Do a better job of keeping track of namespaces as an XML document is

parsed, so that CSS selectors that use namespaces will do the right thing more often. [bug=1946243]
author: Leonard Richardson <leonardr@segfault.org> 2021-11-29 22:13:33 -0500
committer: Leonard Richardson <leonardr@segfault.org> 2021-11-29 22:13:33 -0500
commit: ad52722cc6b55ce414d395e9a0860cee57c0ab2d (patch)
tree: 8ff820b41d9ee5fb1f896629782270349cd8311b
parent: c005e9ba28b4eec3a5fab173b928609bc692dd51 (diff)
6 files changed, 141 insertions, 22 deletions
diff --git a/CHANGELOG b/CHANGELOG
index 4470f64..af99990 100644
--- a/CHANGELOG
+++ b/CHANGELOG
@@ -22,6 +22,10 @@ Python 2 was revision 605.
 * Issue a warning when an HTML parser is used to parse a document that
   looks like XML but not XHTML. [bug=1939121]
 
+* Do a better job of keeping track of namespaces as an XML document is
+  parsed, so that CSS selectors that use namespaces will do the right
+  thing more often. [bug=1946243]
+
 * Some time ago, the misleadingly named "text" argument to find-type
   methods was renamed to the more accurate "string." But this supposed
   "renaming" didn't make it into important places like the method
diff --git a/bs4/__init__.py b/bs4/__init__.py
index 49e05e7..ddf1a86 100644
--- a/bs4/__init__.py
+++ b/bs4/__init__.py
@@ -309,8 +309,6 @@ class BeautifulSoup(Tag):
         self._namespaces = dict()
         self.parse_only = parse_only
 
-        self.builder.initialize_soup(self)
-
         if hasattr(markup, 'read'):        # It's a file-type object.

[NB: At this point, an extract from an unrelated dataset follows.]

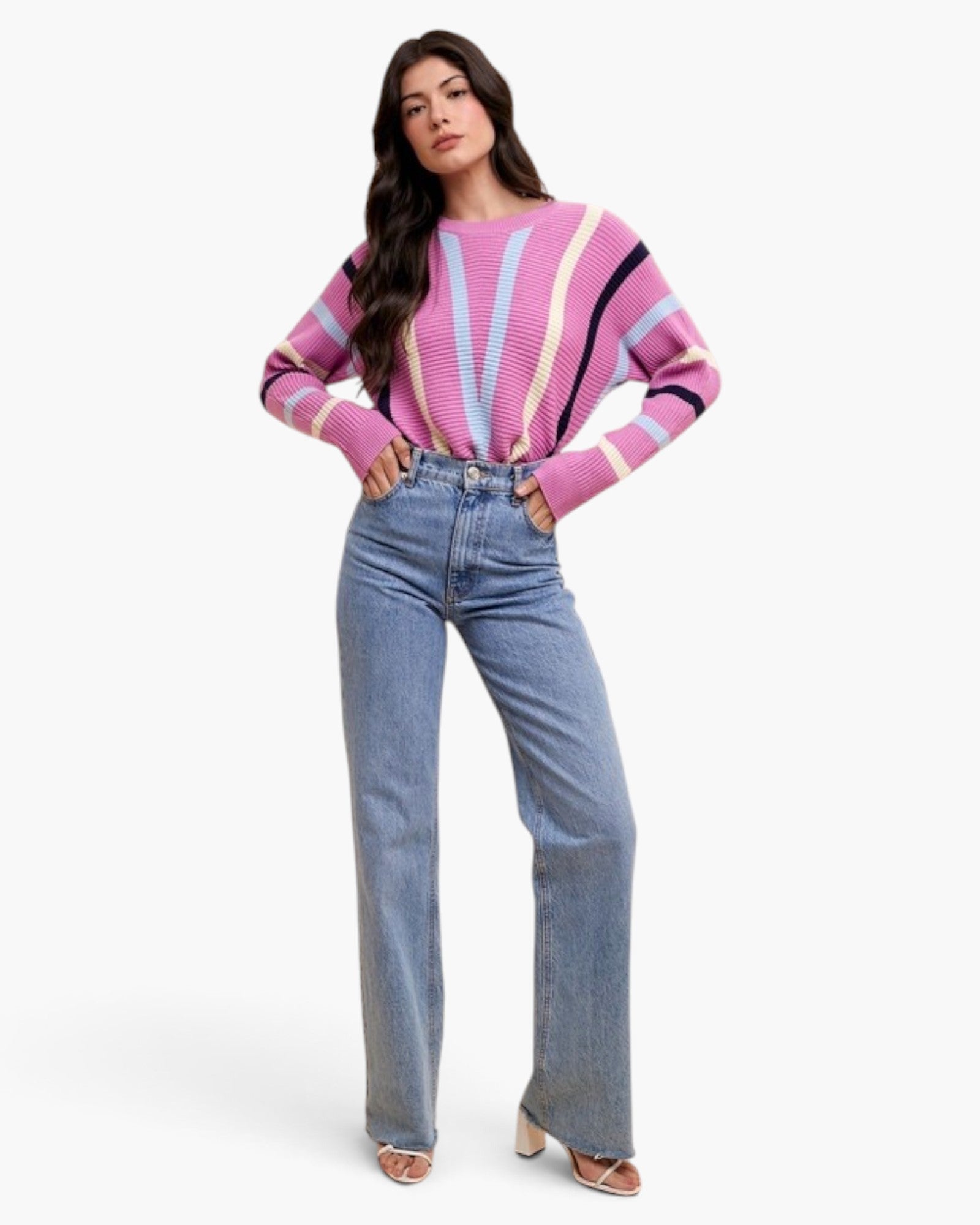 A woman modeling a pink striped knit sweater with blue jeans and beige heeled sandals, standing against a plain light gray studio background.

             markup = markup.read()
         elif len(markup) <= 256 and (
@@ -362,6 +360,7 @@ class BeautifulSoup(Tag):
              self.builder.prepare_markup(
                  markup, from_encoding, exclude_encodings=exclude_encodings)):
             self.reset()
+            self.builder.initialize_soup(self)
             try:
                 self._feed()
                 success = True
@@ -400,7 +399,7 @@ class BeautifulSoup(Tag):
         if 'builder' in d and not self.builder.picklable:
             d['builder'] = None
         return d
-
+    
     @classmethod
     def _decode_markup(cls, markup):
         """Ensure `markup` is bytes so it's safe to send into warnings.warn.

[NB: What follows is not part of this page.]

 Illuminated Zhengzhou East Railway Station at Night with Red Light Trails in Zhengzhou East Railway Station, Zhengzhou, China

@@ -693,7 +692,7 @@ class BeautifulSoup(Tag):
         return most_recently_popped
 
     def handle_starttag(self, name, namespace, nsprefix, attrs, sourceline=None,
-                        sourcepos=None):
+                        sourcepos=None, namespaces=None):
         """Called by the tree builder when a new tag is encountered.
 
         :param name: Name of the tag.
@@ -703,6 +702,8 @@ class BeautifulSoup(Tag):
             source document.
         :param sourcepos: The character position within `sourceline` where this
             tag was found.
+        :param namespaces: A dictionary of all namespace prefix mappings 
+            currently in scope in the document.
 
         If this method returns None, the tag was rejected by an active
         SoupStrainer. You should proceed as if the tag had not occurred
@@ -720,7 +721,8 @@ class BeautifulSoup(Tag):
         tag = self.element_classes.get(Tag, Tag)(
             self, self.builder, name, namespace, nsprefix, attrs,
             self.currentTag, self._most_recent_element,
-            sourceline=sourceline, sourcepos=sourcepos
+            sourceline=sourceline, sourcepos=sourcepos,
+            namespaces=namespaces
         )
         if tag is None:
             return tag
diff --git a/bs4/builder/_lxml.py b/bs4/builder/_lxml.py
index d8251b2..971c81e 100644
--- a/bs4/builder/_lxml.py
+++ b/bs4/builder/_lxml.py
@@ -80,15 +80,24 @@ class LXMLTreeBuilderForXML(TreeBuilder):
 
         This might be useful later on when creating CSS selectors.
 
+        This will track (almost) all namespaces, even ones that were
+        only in scope for part of the document. If two namespaces have
+        the same prefix, only the first one encountered will be
+        tracked. Un-prefixed namespaces are not tracked.
+
         :param mapping: A dictionary mapping namespace prefixes to URIs.
         """
         for key, value in list(mapping.items()):
+            # This is 'if key' and not 'if key is not None' because we
+            # don't track un-prefixed namespaces. Soupselect will
+            # treat an un-prefixed namespace as the default, which
+            # causes confusion in some cases.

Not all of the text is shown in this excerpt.